Rook placements and coadjoint orbits for maximal unipotent subgroups of finite symplectic groups

TL;DR

This paper explores the structure of irreducible characters of maximal unipotent subgroups in finite symplectic groups using coadjoint orbits and rook placements, providing explicit formulas and a Mackey-style decomposition.

Contribution

It introduces a semi-direct decomposition for irreducible characters associated with coadjoint orbits via rook placements, extending the orbit method in this context.

Findings

Constructed a semi-direct decomposition for irreducible characters.

Provided an explicit formula for characters of maximal orbit dimension.

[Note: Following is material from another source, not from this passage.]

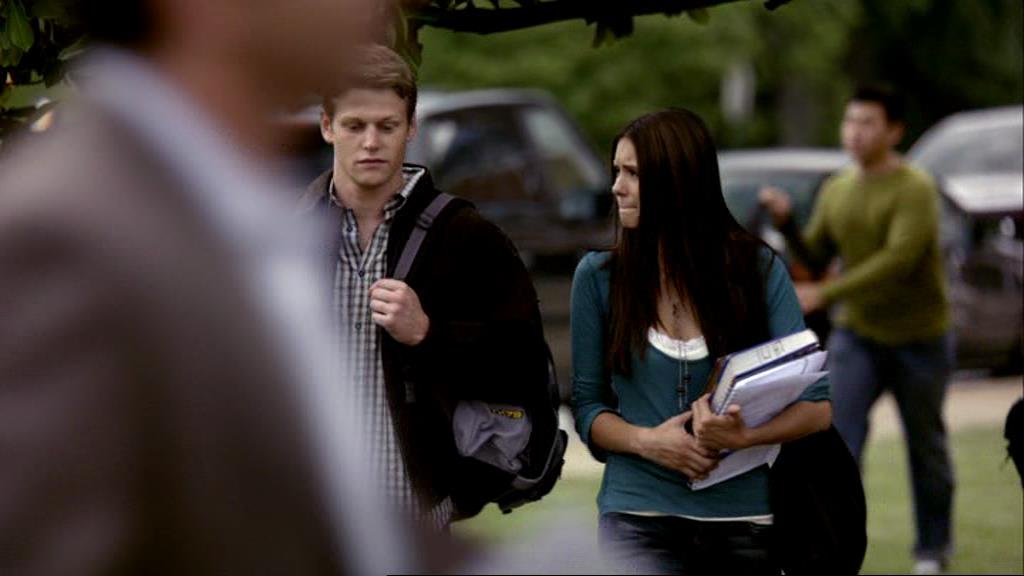 VampireDiariesWorld_dot_org-1x02TheNightOfTheComet00329.jpg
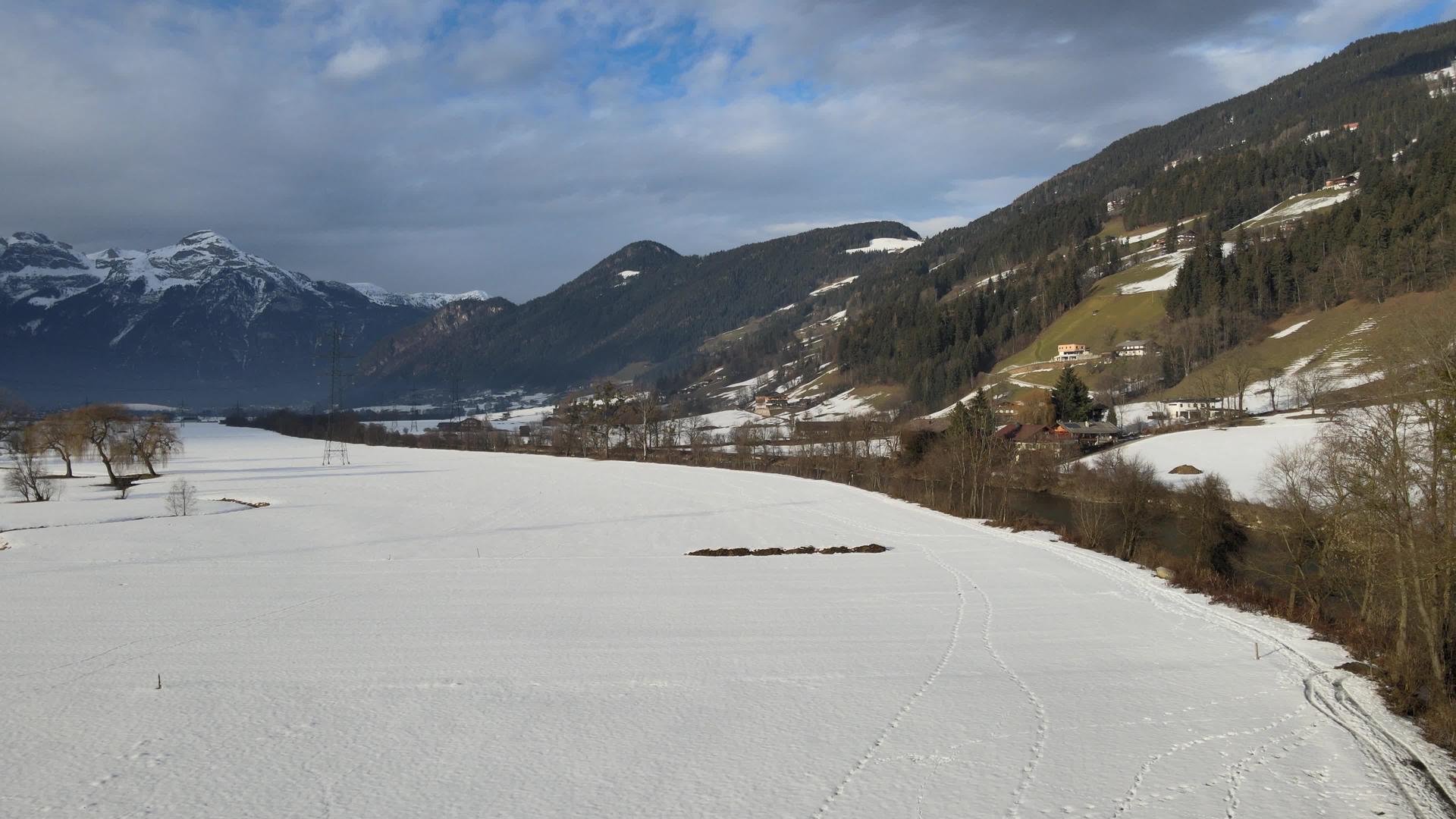 Austria暴风雪覆盖了一片田地视频的预览图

Unified description of orbits and characters via orthogonal rook placements.

Abstract

Let $U$ be a maximal unipotent subgroup in a symplectic group over a finite field of sufficiently large characteristic $p$. According to the Kirillov's orbit method, the coadjoint orbits of the group $U$ play the key role in the description of irreducible complex characters of $U$. Almost all important classes of orbits and characters studied to the moment can be uniformly described as the orbits and characters associated with so-called orthogonal rook placements. In the paper, we construct a semi-direct decomposition for the corresponding irreducible characters in the spirit of the Mackey little group method. As a corollary, we present an explicit formula for the character corresponding to an orbit of maximal possible dimension.